Similarly, September 2023 polls from Gallup and LinkedIn revealed the importance of corporate ethics in the decision-making of Gen Z around the workplace, with the company’s values, treatment of its employees, sustainable and environmental policies and socio-economic impact rating as the highest priorities. 

This does not surprise Oliver Enticknap, who works for Maslins and has his own personal ‘stake’ in the business. He attended the Employee Ownership Conference and suggests that more and more businesses are going to have to adapt their structure in this way if they want to retain the best talent.

“Being part of an EO company feels great! It gives me a voice in the company, which makes me feel valued and part of something big. It also allows me to drive the change I would like to see and makes work that much more enjoyable,” he said.

John Walsh, a trainee accountant at Maslins, agrees and says attending the conference provided him with the opportunity to obtain greater insight into other EO businesses. 

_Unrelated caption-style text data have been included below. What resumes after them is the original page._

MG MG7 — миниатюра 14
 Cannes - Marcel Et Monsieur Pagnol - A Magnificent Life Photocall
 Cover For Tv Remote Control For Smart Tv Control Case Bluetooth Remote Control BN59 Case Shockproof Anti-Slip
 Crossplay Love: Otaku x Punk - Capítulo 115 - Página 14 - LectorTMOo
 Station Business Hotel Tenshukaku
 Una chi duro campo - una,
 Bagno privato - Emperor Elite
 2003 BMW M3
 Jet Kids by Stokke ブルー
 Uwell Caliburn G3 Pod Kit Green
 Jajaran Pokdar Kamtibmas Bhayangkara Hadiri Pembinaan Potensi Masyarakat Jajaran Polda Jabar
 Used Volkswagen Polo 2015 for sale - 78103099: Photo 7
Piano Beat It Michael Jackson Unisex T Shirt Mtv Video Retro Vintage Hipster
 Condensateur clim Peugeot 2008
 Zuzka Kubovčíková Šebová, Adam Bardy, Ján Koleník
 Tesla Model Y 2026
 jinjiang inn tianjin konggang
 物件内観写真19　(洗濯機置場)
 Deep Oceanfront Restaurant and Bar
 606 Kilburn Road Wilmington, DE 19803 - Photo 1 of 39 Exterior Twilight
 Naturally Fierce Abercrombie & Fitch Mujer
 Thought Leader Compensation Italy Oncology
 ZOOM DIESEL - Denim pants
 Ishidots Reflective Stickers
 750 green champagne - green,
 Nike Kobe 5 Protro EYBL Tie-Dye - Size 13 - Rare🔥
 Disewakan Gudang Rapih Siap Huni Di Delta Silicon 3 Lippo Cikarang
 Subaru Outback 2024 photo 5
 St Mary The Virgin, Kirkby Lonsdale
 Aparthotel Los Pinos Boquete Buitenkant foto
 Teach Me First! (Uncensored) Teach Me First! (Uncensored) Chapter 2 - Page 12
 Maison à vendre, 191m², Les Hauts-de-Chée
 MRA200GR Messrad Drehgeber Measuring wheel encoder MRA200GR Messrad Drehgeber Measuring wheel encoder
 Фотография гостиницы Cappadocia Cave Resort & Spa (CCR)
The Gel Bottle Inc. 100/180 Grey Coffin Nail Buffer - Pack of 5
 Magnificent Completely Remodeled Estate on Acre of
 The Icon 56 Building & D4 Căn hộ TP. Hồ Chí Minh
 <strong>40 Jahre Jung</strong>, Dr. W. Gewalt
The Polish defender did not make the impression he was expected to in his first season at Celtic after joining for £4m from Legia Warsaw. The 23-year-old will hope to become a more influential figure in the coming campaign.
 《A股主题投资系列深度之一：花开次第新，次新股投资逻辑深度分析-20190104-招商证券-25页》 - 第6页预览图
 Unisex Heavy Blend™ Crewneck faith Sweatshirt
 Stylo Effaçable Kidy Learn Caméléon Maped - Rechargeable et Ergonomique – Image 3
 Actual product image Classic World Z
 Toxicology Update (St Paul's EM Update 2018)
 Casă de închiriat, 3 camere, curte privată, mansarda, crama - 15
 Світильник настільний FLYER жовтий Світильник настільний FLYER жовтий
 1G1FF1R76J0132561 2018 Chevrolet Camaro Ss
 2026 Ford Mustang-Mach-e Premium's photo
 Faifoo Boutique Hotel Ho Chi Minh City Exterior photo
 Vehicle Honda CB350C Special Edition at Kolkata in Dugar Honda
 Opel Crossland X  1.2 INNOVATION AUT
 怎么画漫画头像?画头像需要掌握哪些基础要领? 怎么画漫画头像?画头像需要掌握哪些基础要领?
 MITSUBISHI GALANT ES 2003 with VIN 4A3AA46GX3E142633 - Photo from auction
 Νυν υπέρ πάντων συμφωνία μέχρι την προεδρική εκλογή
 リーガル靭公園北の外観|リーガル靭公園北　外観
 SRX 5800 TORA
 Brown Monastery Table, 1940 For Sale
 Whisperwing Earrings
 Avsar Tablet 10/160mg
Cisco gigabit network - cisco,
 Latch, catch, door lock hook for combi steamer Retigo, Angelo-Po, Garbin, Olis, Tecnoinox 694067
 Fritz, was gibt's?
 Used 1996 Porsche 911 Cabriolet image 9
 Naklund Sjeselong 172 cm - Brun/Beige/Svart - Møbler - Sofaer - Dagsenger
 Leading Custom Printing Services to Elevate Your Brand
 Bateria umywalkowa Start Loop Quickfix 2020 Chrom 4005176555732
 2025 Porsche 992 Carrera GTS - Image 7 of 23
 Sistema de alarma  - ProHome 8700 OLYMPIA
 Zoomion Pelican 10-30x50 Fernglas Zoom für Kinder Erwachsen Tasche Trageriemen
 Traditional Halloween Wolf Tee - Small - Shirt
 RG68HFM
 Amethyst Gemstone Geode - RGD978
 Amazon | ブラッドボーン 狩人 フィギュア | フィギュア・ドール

“I wanted to bring back ideas for the future of the company,” said John. “The key takeaway for me was the importance of effective employee engagement. The democratic nature of being EO provides a unique sense of togetherness where all employees are involved in pushing the business forward. For me, being part of an EO company gives me a sense of freedom so I can express myself in a way that directly impacts the business.” 

The Employee Ownership Association states that companies structured this way not only tend to treat their employees more equally but are actually also “more successful, competitive, profitable and sustainable.” They also tend to have a stronger commitment to corporate social responsibility and positive involvement in the communities where they are located. 

“This is a direct link back to showing the value of EO workplaces,” says Chris Maslin. “I predict that so many more businesses will transfer over to this model in the near future and this kind of ownership will become much more commonplace. In terms of doing business for good, in every sense of the phrase, the employee-ownership model will have to be fully embraced, which can only be a good thing."